Flight, Woodcut, 92x122cm, 1999

Flight

1999
Woodcut
92x122cm

ENQUIRE

Here lapwings spiral as if in celebration of life itself in an energetic axis that continues skyward. This print expresses the exaltation in my heart of the newfound freedom I had found in Shetland. Loosely based around the village of Aith as seen from the window of my house the birds fly around the new life of my baby daughter who is being pushed in her pram towards the church that is one of the few straight lines in the picture apart from the pier.
A key shift that occurred in my art almost as soon as I arrived in Shetland was the appearance of the circle in my art in terms of shapes and compositional arrangements that embraced the curve and the free-flowing form.
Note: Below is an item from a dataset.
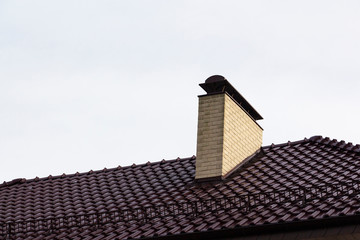Chimney pipe of brick on the roof of the house.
If the birds taught me the power of organic compositions , It was the birds who provided the answer to the lack of verticals in the Shetland landscape and soon they became the rhythmical dancers of my art that I could build complex compositions around. I drew the birds less from an ornithological perspective that is obsessed with detail and accuracy but rather from an expansive symbolic viewpoint that explored the growing sense of freedom and celebration of life that I had discovered in Shetland. A peaceful harmony entered into my work where the birds became the singers of the song of Shetland that I was trying to carve into blocks of wood that echoed of the peace that had entered my own soul. The birds taught me to follow my own path, to trust in instinct and to allow nature to be my teacher.
My urban inspired Black Country work was dominated and controlled by a stark linearity contained within geometric frame works that holds everything in check as the angular edges of the buildings and streets punctuated by people and vertical up rights dominated my compositions. In Shetland I was forced me to search for dynamic shapes to build compositions it was flying birds, that naturally fly in organic ways that started to preoccupy me . Many of these works symbolise and express the newfound freedom I discovered in Shetland and are a diametric opposite to the harsh linearity of the urban works that are about oppression and captivity.